# New Please Help



## JenBen1 (Mar 17, 2008)

Ok so I talked to this guy he told me about FTA . It sounds cool to me but there is one problem 

I dont speak the language!!!!

He sold me a 2 ehcostar2800 (i think this is the reciever) no remotes
and a dish that has two werid upside down L shaped things on the front of it pointing at the dish , also it has a thing on the top of it he said something about normal tv channels.

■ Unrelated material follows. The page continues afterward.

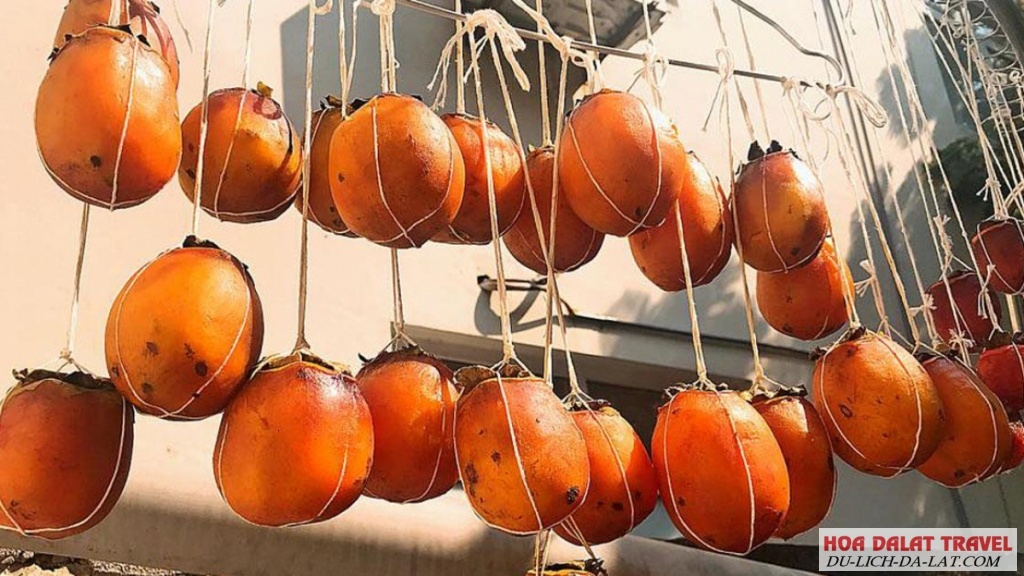 Buộc dây và treo hồng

ok so I need to know what to do in really simple terms

will this stuff work like he said or did I get scammed?

Please HELP!!!

Thanks in advance!!


----------



## Chandu (Oct 3, 2005)

See the sticky thread above this, and start at www.ftalist.com to learn about this technology, learn the basic language, etc.


----------



## PTown (Aug 18, 2007)

If he did in fact sell you 2 echostar 2800's for FTA use then yeah you got scammed bigtime.


----------



## glen4cindy (Oct 19, 2006)

JenBen1 said:


> Ok so I talked to this guy he told me about FTA . It sounds cool to me but there is one problem
> 
> I dont speak the language!!!!
> 
> ...


Welcome to the DBSTalk forum.

An Echostar 2800 will pickup exactly ZERO free-to-air programming. I don't know if they will even get the dish preview if they aren't authorized. Anyway, most people would not consider the Dish FYI "free-to-air" even though it is what we call "in the clear" meaning it is not encrypted.

What you will need for FTA is a real FTA receiver like a Fortec Lifetime Classic NA or something similar. There are many brands of FTA receivers and they will have many of the same features, but, just like any electronic equipment, some have different features than others. One example would be BLIND SCAN which is a way to see everything that is active on any particular satellite.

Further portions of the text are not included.